Work to be completed = What lines of the data hold the string "with"? Copy them all.
*** Material for this exercise Section Begins ***
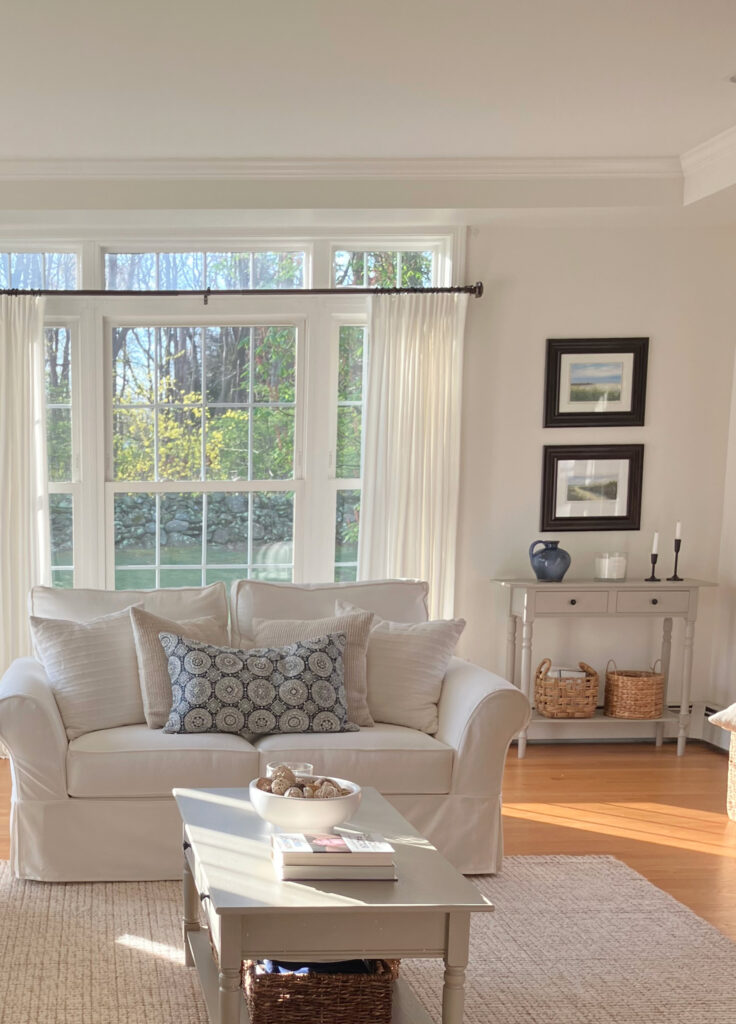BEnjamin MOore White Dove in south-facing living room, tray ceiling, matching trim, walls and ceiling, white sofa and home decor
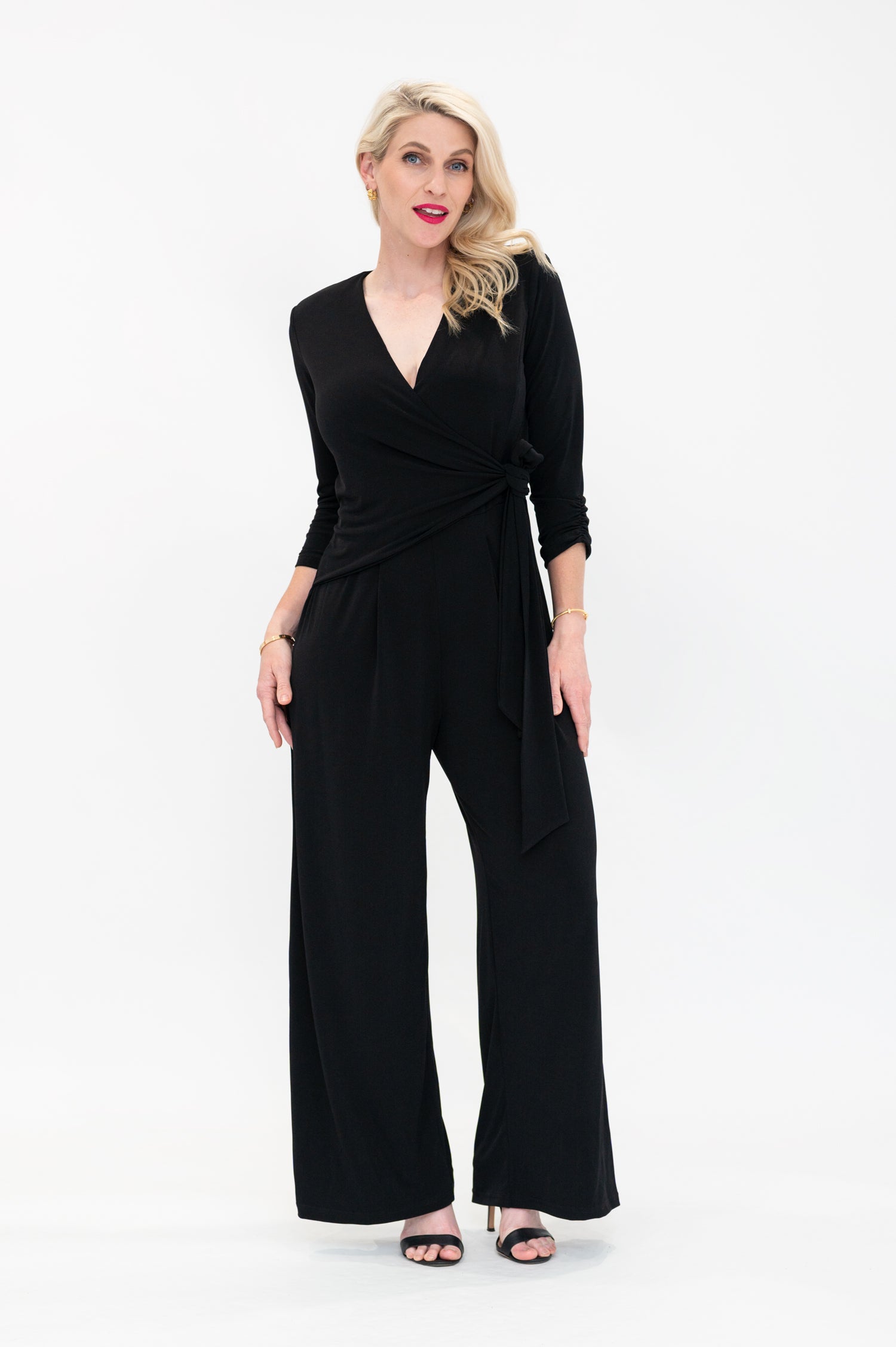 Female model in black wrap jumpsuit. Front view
*** Material for this exercise Section Ends ***
*** Material for this exercise Section Begins ***
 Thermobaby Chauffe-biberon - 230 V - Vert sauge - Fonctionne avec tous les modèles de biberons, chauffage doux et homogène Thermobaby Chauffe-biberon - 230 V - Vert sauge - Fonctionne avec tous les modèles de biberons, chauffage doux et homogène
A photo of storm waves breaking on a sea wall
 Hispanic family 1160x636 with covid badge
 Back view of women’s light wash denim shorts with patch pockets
*** Material for this exercise Section Ends ***
*** Material for this exercise Section Begins ***
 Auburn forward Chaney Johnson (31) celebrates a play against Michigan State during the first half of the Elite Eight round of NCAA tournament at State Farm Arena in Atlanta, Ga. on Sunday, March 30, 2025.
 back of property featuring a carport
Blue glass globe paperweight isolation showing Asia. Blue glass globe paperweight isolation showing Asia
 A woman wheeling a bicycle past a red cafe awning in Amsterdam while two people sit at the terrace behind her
*** Material for this exercise Section Ends ***
Output for this exercise =
 Hispanic family 1160x636 with covid badge
 Back view of women’s light wash denim shorts with patch pockets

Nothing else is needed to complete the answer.